In Belgium the German’s failed to advance as easily as they had predicted due to the fierce resistance put up by the allies at Liège and Antwerp. The Germans were not getting far at all and matters became only worse for them when the Russians mobilised their troops within 10 days. Upon mobilisation the Russian forces entered Germany on the 19th August. This meant that the Germans had to withdraw troops from their Schlieffen plan in order to defend their Eastern border. However the allies could only delay the German advance and by the 4th September the huge German army was in sight of Paris. Despite getting rather close to Paris they never actually took the French capital but instead drove east of Paris. Once again they had gone against the original plan proving its great failure.
I think the failure of the Schlieffen plan can go down as a very important event in the road to the Western front. Russia mobilised faster than expected, only 10 days not the 6 weeks the Germans had expected it to take and the British had gone to war with the BEF playing a great role. Together the allies had met the German army with fierce resistance and foiled the Schlieffen Plan
The German forces were met by French forces at the Battle of the Marne. This battle lasted from the 5th of September to the 11th. This halted the German advance. Over 2 million troops struggled for a whole week across a front covering two hundred kilometres wide. The French eventually resorted to ferrying their men to the battlefront in the taxis. Man after man was brought in to push the Germans back. Britain’s rapid military deployment in defence of France stopped the Germans from achieving the easy victory they had imagined. By 11th September they had forced the German forces to retreat 60 kilometres to the river Aisne. It was here the Germans built machine gun post and “dug in” trenches in order to defend themselves. So now the Schlieffen Plan had been a complete failure and lead to the Battle of the Marne which had resulted in the first trenches.

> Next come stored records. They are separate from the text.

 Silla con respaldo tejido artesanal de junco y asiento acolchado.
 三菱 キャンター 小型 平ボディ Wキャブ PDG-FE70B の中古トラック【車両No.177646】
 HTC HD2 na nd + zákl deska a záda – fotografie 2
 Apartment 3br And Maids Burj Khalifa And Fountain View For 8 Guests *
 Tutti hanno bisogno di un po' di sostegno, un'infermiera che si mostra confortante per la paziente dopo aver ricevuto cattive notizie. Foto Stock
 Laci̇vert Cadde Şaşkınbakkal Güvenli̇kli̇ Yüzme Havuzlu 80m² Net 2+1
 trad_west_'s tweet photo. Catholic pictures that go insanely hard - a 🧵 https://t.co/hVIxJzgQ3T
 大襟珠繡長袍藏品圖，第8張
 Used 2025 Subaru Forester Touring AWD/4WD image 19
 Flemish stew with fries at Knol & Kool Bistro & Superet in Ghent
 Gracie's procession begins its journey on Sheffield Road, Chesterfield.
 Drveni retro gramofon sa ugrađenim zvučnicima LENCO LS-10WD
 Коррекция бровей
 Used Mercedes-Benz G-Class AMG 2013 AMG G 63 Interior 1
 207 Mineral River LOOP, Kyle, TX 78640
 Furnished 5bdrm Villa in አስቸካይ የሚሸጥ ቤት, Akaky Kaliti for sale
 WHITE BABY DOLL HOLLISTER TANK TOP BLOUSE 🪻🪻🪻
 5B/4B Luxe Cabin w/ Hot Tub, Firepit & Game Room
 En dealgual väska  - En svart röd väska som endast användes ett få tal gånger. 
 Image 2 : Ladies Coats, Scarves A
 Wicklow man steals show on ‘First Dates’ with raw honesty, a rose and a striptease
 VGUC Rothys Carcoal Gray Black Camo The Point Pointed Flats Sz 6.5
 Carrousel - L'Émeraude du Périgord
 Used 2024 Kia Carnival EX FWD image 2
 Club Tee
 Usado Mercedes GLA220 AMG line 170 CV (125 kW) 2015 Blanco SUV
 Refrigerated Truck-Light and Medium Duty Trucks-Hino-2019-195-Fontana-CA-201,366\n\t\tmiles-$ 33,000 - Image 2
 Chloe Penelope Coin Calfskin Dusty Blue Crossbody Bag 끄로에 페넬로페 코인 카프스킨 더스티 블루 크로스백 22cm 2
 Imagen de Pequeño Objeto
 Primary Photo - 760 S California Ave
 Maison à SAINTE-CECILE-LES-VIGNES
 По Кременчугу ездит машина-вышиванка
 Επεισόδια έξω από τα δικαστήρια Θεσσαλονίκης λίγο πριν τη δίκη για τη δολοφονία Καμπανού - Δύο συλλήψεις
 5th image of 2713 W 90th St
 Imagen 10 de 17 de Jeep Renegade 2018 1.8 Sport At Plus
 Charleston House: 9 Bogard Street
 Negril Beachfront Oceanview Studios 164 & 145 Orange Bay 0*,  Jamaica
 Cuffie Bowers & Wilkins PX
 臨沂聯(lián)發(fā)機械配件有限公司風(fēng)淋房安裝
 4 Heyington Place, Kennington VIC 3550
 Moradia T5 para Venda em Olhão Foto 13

Both sides now extended their operations northward, each attempting to outflank the other in a series of maneuvers that has been called “the race to the sea.” Maubeuge, on France's northern border, fell to the Germans on September 8th , as did the Belgian fortress of Antwerp on October 9. Fierce battles in Picardy and Artois were followed in late October and November by the Battle of the Yser and the First Battle of Ypres. At Ypres, the BEF was nearly battered while successfully resisting a German drive.
Shortly thereafter the trench warfare began, as mass conscript armies used the spade, machine gun, and barbed wire to prevent any movement between the North Sea and the Swiss border.
The Western Front had been formed after a combination of failures, including some military decisions, and the final Battle of Marne and race to the sea.
So in conclusion I believe that the main cause of the Western Front was the Schlieffen Plan due to the fact that its massive failure changed the course of everything. Instead of attacking the French capital, Paris, they turned east and were met by the French resulting in the famous Battle of the Marne.
Each country had a reason for going to war against their opposing countries so they were all partly to blame for the establishment of the Western Front. France was against Germany and Britain against Germany. They all looked for power as single empires and they believed war would bring this to them.